# WHAT YOU ARE ASKED TO DO
From the data below, return the exact lines starting at the line containing "53a19 COACH コーチ" and ending at the line containing "陈思诚|陈思诚新恋情曝光,对方年轻貌美不输佟丽娅", both included, and nothing else.

# SUPPLIED RECORDS
========================================

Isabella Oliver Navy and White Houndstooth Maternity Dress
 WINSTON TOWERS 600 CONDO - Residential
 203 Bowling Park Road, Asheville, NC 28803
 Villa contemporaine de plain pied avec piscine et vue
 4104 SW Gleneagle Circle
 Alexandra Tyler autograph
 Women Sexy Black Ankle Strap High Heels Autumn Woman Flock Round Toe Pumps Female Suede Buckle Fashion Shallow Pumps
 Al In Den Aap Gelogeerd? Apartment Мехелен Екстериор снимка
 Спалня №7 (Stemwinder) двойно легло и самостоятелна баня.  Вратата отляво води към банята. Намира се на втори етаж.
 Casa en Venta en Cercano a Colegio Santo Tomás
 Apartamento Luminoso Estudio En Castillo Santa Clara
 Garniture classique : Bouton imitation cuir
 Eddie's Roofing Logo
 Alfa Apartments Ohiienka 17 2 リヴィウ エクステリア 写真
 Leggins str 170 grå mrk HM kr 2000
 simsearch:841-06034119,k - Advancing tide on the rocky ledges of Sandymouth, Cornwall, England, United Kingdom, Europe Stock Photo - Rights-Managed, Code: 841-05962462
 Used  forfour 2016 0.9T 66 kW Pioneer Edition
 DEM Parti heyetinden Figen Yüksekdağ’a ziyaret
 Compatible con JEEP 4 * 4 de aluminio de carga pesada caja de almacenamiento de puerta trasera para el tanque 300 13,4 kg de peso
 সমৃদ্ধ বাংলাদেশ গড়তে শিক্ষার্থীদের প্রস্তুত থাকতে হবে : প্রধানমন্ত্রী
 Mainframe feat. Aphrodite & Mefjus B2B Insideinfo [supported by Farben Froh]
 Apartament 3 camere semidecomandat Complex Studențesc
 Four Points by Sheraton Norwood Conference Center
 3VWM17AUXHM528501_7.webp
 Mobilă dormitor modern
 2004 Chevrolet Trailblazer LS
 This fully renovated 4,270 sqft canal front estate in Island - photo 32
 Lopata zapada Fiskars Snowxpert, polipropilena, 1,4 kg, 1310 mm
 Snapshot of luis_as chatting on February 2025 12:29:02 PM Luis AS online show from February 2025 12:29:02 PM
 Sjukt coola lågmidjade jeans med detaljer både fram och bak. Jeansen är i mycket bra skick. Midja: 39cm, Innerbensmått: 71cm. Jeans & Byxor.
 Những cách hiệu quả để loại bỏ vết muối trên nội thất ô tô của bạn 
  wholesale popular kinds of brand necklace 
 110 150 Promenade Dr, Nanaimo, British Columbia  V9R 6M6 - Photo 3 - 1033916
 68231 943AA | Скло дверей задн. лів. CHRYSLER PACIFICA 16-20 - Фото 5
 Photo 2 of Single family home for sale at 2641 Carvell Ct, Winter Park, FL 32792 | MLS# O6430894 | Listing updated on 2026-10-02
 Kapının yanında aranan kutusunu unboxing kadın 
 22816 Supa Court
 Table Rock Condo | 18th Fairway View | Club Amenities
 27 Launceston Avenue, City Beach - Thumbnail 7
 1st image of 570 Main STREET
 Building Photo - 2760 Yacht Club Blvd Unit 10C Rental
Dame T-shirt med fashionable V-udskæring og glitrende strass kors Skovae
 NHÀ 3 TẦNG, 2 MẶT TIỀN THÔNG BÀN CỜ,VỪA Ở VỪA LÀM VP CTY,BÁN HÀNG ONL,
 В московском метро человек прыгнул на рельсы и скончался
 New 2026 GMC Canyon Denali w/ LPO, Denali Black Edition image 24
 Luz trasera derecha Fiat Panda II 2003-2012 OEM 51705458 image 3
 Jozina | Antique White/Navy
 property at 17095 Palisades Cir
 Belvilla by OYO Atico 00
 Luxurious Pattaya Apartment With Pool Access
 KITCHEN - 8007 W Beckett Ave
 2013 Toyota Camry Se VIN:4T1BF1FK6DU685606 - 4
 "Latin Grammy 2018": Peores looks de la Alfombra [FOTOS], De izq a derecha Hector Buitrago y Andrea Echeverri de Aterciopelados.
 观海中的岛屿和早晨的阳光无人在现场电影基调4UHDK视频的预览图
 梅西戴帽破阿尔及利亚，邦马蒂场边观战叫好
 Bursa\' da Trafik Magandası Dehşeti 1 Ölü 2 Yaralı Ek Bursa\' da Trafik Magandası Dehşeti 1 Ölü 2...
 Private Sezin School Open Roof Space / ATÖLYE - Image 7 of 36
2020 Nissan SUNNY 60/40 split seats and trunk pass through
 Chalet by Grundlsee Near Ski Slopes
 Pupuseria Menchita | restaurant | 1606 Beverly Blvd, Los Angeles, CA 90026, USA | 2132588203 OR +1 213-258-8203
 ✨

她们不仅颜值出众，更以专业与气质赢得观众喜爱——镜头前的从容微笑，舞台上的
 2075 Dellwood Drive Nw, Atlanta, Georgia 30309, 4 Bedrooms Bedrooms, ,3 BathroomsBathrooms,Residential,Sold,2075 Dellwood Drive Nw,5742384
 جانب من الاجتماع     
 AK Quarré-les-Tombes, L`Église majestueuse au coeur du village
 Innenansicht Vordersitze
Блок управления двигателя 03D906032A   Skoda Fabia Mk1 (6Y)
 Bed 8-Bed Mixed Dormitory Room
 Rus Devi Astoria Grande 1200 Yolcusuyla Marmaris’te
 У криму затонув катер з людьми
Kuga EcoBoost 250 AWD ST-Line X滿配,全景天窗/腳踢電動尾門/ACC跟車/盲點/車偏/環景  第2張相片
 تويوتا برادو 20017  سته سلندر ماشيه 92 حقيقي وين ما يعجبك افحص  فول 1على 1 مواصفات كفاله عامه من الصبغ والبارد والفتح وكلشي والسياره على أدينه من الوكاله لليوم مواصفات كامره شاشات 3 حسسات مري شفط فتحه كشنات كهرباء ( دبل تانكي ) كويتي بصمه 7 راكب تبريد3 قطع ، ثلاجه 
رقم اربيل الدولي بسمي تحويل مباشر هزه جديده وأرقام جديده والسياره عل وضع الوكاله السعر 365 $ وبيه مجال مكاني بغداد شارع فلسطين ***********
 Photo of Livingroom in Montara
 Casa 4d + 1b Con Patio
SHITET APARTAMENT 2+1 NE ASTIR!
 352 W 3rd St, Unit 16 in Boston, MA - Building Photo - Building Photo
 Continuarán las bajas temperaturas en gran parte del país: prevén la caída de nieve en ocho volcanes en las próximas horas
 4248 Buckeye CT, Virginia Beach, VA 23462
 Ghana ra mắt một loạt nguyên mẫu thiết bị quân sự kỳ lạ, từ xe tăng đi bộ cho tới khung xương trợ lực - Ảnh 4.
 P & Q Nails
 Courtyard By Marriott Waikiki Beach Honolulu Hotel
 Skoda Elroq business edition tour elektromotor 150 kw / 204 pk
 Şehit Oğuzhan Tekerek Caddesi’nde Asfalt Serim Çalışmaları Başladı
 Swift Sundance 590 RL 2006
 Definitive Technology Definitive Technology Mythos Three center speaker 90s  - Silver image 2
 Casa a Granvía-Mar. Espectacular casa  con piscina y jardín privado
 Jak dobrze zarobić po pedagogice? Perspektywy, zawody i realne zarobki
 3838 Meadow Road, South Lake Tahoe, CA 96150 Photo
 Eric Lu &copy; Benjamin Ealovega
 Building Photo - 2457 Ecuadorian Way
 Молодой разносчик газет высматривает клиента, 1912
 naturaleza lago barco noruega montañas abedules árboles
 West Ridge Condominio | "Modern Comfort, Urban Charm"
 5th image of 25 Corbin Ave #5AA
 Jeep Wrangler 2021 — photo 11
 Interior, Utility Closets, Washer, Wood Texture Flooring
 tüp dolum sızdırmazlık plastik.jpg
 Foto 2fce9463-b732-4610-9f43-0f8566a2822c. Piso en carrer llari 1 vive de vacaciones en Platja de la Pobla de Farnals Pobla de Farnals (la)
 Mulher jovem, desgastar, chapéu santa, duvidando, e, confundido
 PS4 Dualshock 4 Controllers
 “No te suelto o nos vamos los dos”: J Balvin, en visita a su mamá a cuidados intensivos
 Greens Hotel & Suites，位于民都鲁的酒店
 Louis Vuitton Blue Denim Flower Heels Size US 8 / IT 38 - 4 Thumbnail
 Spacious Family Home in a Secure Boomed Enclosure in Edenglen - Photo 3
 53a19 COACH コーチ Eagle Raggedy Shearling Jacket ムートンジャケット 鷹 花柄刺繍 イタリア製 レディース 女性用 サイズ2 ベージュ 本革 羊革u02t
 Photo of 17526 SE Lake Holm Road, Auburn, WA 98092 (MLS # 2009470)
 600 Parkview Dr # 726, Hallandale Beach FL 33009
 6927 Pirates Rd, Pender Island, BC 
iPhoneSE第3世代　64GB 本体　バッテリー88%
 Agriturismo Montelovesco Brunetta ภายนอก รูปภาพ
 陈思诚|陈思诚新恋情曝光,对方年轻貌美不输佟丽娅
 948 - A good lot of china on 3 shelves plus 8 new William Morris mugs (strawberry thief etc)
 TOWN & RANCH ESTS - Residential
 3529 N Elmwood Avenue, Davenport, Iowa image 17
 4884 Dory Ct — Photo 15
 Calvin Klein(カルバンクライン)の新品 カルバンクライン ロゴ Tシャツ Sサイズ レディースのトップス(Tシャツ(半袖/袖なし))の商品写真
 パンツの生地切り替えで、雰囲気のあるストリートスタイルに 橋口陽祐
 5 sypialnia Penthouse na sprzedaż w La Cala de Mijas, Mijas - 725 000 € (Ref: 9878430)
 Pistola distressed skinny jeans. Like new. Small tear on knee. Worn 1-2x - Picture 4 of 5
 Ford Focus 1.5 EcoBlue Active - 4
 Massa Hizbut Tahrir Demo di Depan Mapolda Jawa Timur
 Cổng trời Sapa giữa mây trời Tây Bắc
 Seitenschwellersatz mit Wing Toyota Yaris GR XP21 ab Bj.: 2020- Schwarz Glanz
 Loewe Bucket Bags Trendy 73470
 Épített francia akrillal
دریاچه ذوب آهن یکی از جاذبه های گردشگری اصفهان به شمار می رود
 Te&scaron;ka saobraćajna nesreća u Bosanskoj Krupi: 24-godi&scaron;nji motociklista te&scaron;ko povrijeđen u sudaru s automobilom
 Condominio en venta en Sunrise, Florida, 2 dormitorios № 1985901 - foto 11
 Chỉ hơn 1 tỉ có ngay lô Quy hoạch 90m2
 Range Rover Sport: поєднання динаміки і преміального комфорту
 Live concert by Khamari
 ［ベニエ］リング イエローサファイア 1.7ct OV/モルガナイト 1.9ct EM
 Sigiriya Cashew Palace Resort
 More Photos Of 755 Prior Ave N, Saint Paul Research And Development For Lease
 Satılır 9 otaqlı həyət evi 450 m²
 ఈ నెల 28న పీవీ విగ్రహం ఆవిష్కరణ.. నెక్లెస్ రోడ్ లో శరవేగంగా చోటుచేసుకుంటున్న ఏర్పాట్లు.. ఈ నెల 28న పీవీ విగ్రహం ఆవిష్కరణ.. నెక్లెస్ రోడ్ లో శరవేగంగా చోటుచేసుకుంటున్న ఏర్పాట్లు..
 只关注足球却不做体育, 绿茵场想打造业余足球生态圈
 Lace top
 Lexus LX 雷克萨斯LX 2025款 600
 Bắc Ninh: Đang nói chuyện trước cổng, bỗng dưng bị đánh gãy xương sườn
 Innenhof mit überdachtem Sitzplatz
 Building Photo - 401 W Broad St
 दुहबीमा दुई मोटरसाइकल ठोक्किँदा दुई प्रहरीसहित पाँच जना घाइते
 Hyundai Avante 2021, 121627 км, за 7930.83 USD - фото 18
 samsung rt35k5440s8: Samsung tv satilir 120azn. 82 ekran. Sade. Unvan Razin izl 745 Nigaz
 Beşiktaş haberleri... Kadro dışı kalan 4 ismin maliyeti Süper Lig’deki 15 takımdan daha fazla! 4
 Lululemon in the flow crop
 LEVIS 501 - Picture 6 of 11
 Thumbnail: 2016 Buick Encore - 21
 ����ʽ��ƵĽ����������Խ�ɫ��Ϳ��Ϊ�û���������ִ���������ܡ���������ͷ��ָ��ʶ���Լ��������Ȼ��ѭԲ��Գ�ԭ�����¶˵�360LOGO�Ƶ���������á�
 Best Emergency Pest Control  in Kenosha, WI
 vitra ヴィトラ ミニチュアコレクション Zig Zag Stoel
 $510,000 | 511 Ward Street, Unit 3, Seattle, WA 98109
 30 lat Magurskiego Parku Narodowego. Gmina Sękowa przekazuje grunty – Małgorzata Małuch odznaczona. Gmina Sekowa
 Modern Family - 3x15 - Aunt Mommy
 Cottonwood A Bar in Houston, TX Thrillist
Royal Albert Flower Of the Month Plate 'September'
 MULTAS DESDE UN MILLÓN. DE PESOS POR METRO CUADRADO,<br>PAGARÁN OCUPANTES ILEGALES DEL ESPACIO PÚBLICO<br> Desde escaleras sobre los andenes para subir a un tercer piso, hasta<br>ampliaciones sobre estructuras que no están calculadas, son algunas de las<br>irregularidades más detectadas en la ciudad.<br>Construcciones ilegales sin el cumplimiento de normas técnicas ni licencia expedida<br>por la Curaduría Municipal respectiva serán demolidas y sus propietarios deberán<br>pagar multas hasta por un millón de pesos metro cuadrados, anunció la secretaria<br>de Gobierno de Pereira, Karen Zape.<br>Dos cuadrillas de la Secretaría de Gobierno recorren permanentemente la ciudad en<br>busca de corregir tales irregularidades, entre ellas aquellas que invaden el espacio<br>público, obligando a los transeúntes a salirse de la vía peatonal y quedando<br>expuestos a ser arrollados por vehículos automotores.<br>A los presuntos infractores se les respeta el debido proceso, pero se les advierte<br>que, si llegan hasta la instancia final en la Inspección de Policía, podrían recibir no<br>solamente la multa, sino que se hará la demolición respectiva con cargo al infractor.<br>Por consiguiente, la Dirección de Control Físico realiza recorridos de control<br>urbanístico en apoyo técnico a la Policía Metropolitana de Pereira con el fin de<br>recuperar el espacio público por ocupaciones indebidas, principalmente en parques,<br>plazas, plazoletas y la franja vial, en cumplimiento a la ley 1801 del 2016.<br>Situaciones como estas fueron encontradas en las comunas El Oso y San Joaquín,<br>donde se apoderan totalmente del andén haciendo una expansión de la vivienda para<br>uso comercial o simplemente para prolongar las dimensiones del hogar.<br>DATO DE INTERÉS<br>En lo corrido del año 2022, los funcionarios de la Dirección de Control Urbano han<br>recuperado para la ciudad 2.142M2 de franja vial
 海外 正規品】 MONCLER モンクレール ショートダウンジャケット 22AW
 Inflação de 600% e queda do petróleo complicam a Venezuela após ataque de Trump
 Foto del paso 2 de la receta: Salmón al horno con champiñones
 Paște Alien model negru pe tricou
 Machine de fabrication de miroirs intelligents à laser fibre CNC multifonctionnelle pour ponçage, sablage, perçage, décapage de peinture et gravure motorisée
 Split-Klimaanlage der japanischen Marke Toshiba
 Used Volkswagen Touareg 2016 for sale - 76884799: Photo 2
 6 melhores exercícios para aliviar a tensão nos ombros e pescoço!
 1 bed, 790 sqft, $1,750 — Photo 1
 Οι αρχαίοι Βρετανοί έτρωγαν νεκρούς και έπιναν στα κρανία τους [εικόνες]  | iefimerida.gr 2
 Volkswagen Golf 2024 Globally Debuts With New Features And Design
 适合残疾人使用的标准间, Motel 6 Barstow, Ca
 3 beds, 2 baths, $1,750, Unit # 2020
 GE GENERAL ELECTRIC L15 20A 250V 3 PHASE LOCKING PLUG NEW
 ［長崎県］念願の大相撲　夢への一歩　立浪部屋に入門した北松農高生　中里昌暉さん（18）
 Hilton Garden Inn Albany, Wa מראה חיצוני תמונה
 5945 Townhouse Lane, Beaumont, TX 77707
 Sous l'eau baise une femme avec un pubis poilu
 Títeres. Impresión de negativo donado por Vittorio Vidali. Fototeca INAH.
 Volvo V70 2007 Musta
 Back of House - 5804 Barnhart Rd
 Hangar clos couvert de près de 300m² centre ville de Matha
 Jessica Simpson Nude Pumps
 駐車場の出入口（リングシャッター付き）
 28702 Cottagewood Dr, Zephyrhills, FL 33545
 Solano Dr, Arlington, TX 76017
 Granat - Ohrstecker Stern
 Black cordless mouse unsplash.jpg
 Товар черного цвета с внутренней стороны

========================================

# YOUR SOLUTION
 53a19 COACH コーチ Eagle Raggedy Shearling Jacket ムートンジャケット 鷹 花柄刺繍 イタリア製 レディース 女性用 サイズ2 ベージュ 本革 羊革u02t
 Photo of 17526 SE Lake Holm Road, Auburn, WA 98092 (MLS # 2009470)
 600 Parkview Dr # 726, Hallandale Beach FL 33009
 6927 Pirates Rd, Pender Island, BC 
iPhoneSE第3世代　64GB 本体　バッテリー88%
 Agriturismo Montelovesco Brunetta ภายนอก รูปภาพ
 陈思诚|陈思诚新恋情曝光,对方年轻貌美不输佟丽娅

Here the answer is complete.